The aptly named Alpha Male put it all together on the big stage in such a jaw-dropping demolition job that trots long-timers are reaching deep into their memory banks to find a comparison.
“He’s a very exciting horse,” said bookmaker Tom Hogan, partner of Alpha Male part-owner Sue Murray. “Except for Maoris Idol when he was younger - around three-year-old, four-year-old – I think he’s the best young (trotter) I’ve seen since. We’ve had Noopy Kiosk, many a good horse over the years, even Blitzthemcalder not so long ago, but this is an outstanding horse and I think he will go all the way to the top.
“He’s just starting off and we’ll just follow his career over the next 18 months and I think he’ll be running in the big races.”
Gradually blossoming as the first trotter in Emma Stewart and Clayton Tonkin’s stable, Alpha Male has oozed brilliance despite putting the odd foot wrong since being snapped up for $48,000 at the 2017 Australasian Premier Trotting Sale.
Lot 56 was the second most expensive purchase at the sale, which will have its 2019 staging at Inglis Complex from 11am tomorrow, but with tonight’s win in the $60,000 Alan Mance Holden Need For Speed Prince Final he's already eclipsed his sale price in only his fifth start.
The Majestic Son three-year-old kept his cool while many others lost stride, continually working forward from his second-row draw before finding the front and dominating proceedings to win by 34m in 1:56.9, only 0.3 of a second outside Blitzthemcalder’s age trotting track record.
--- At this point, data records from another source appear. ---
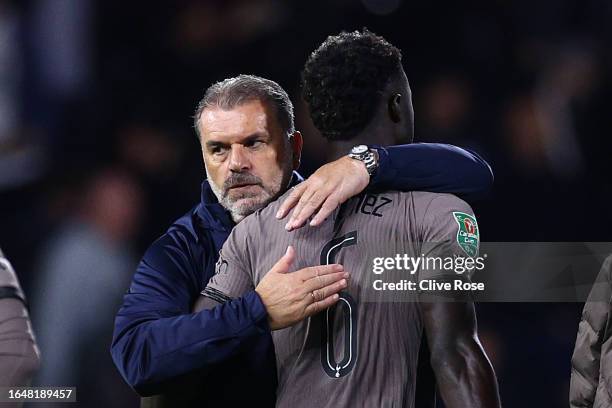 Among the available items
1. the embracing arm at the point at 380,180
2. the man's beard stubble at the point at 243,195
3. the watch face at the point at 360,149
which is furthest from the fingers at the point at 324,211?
the man's beard stubble at the point at 243,195

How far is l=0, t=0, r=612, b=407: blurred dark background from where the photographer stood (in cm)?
323

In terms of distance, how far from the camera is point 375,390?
59.8 inches

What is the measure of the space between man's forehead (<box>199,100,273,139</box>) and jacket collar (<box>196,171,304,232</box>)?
0.14 metres

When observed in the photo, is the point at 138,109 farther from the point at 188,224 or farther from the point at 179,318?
the point at 179,318

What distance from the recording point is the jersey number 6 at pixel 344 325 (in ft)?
5.00

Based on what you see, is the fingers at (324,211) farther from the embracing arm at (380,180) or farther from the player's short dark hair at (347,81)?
the player's short dark hair at (347,81)

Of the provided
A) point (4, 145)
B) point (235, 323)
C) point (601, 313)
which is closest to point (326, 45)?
point (235, 323)

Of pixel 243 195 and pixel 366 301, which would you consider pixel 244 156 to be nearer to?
pixel 243 195

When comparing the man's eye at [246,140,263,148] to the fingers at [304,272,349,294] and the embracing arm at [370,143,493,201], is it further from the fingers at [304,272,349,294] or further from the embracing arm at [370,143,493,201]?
the fingers at [304,272,349,294]

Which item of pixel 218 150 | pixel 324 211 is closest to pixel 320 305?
pixel 324 211

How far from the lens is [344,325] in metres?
1.55

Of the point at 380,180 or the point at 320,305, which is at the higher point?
the point at 380,180

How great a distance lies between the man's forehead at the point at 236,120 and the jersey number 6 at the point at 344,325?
1.72ft

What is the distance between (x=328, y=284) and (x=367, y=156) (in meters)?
0.24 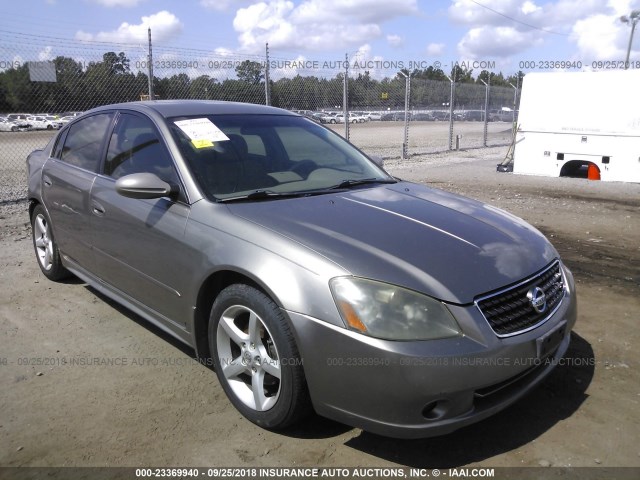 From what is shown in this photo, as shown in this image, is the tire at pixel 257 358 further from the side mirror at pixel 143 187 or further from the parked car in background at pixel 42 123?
the parked car in background at pixel 42 123

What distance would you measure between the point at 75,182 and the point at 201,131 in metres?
1.34

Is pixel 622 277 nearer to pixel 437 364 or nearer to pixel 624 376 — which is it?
pixel 624 376

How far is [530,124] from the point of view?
481 inches

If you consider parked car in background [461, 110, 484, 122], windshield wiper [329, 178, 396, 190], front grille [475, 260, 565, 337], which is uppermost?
parked car in background [461, 110, 484, 122]

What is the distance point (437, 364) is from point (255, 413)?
106 centimetres

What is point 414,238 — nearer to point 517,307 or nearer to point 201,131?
point 517,307

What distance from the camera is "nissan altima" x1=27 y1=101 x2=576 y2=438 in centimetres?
241

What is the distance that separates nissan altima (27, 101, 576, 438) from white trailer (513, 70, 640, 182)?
8946 millimetres

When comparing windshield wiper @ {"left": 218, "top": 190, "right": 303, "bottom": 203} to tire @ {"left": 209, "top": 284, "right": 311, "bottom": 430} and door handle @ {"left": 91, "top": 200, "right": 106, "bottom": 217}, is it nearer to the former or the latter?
tire @ {"left": 209, "top": 284, "right": 311, "bottom": 430}

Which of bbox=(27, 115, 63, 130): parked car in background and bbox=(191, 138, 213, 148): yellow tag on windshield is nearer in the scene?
bbox=(191, 138, 213, 148): yellow tag on windshield

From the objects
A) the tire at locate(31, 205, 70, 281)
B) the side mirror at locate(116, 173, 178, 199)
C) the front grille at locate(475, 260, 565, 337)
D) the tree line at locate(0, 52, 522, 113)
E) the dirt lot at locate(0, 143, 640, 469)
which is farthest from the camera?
the tree line at locate(0, 52, 522, 113)

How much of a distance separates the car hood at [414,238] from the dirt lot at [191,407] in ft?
2.67

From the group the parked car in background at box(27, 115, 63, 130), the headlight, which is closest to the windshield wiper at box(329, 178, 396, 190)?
the headlight

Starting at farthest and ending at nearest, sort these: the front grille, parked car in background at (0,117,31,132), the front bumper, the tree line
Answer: parked car in background at (0,117,31,132)
the tree line
the front grille
the front bumper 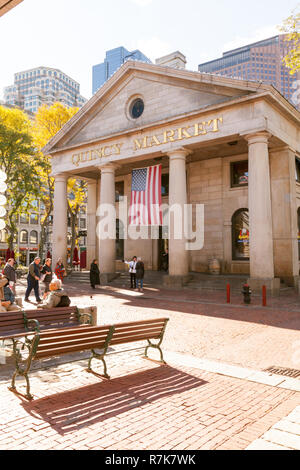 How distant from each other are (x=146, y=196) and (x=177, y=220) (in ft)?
8.60

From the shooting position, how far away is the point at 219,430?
4145 mm

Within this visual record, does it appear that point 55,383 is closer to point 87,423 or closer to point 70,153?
point 87,423

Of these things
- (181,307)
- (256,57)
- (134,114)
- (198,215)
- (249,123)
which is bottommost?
(181,307)

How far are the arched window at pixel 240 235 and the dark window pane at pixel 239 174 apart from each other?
192 centimetres

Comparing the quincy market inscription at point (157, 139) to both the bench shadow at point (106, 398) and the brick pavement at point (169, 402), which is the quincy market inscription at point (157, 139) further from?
the bench shadow at point (106, 398)

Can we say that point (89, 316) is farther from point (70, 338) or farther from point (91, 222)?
point (91, 222)

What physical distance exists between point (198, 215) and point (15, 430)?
21.7 meters

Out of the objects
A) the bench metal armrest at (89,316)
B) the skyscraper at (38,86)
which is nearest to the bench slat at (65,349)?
the bench metal armrest at (89,316)

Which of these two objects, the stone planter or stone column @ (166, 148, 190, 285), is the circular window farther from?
the stone planter

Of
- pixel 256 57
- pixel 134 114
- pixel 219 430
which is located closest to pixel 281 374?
pixel 219 430

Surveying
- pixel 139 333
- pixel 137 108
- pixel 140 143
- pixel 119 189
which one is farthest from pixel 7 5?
pixel 119 189

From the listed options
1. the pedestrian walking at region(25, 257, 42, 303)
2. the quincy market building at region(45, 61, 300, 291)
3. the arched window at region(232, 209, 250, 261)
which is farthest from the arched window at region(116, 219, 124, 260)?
the pedestrian walking at region(25, 257, 42, 303)

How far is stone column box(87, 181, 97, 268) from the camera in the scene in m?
30.8

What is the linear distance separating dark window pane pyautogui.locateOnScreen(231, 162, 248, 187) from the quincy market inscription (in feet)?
17.4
“He was really good this one, he’s still a baby racing wise but he has all the ability under the sun,” said reinsman Chris Alford.
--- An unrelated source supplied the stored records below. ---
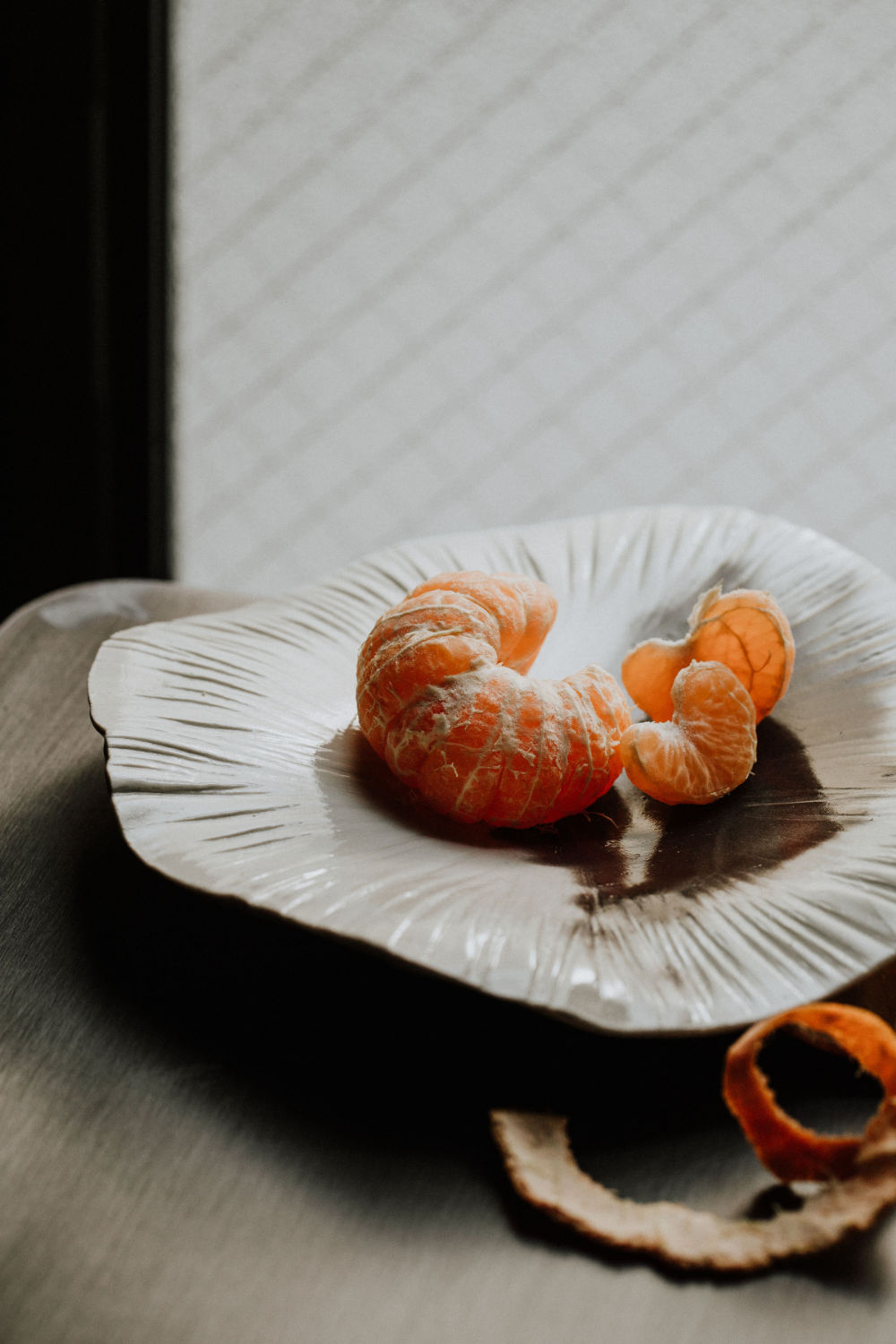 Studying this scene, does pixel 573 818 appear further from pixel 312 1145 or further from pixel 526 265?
pixel 526 265

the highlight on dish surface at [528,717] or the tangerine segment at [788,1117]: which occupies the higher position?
the highlight on dish surface at [528,717]

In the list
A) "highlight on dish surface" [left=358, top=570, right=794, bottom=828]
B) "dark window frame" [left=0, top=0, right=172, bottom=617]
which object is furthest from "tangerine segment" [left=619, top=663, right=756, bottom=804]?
"dark window frame" [left=0, top=0, right=172, bottom=617]

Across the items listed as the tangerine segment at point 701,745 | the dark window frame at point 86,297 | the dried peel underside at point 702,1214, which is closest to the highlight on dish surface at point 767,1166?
the dried peel underside at point 702,1214

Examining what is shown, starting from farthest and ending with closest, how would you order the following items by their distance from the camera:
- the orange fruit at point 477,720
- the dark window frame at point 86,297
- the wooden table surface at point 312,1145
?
the dark window frame at point 86,297
the orange fruit at point 477,720
the wooden table surface at point 312,1145

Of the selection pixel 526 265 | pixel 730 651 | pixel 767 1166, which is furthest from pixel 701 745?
pixel 526 265

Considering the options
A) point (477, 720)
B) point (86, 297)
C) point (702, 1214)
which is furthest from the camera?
point (86, 297)

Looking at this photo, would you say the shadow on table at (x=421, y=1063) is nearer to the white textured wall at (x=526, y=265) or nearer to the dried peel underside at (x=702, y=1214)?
the dried peel underside at (x=702, y=1214)

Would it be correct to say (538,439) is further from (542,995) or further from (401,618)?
(542,995) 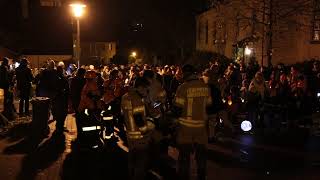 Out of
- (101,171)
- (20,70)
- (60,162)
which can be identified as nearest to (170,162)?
(101,171)

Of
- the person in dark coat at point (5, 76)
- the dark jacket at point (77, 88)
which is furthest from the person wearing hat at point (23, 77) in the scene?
the dark jacket at point (77, 88)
“He did a good job, first the two (The Penny Drops) galloped in front of him and he had to check, then the three (Archleo), then the four (Montpellier), so he did a bit of checking early and when he saw daylight coming into the first turn he said 'race on' and he was off.
“He still had a lot in reserve. I just talked to him to keep him concentrating in the last 400, but he still had plenty left.”
“He’s pretty special,” Tonkin said. “Every time he steps out everyone sees what ability he’s got. It’s a real excitement for the (owners), their first (trotter) and for him to have so much ability is a great thrill.”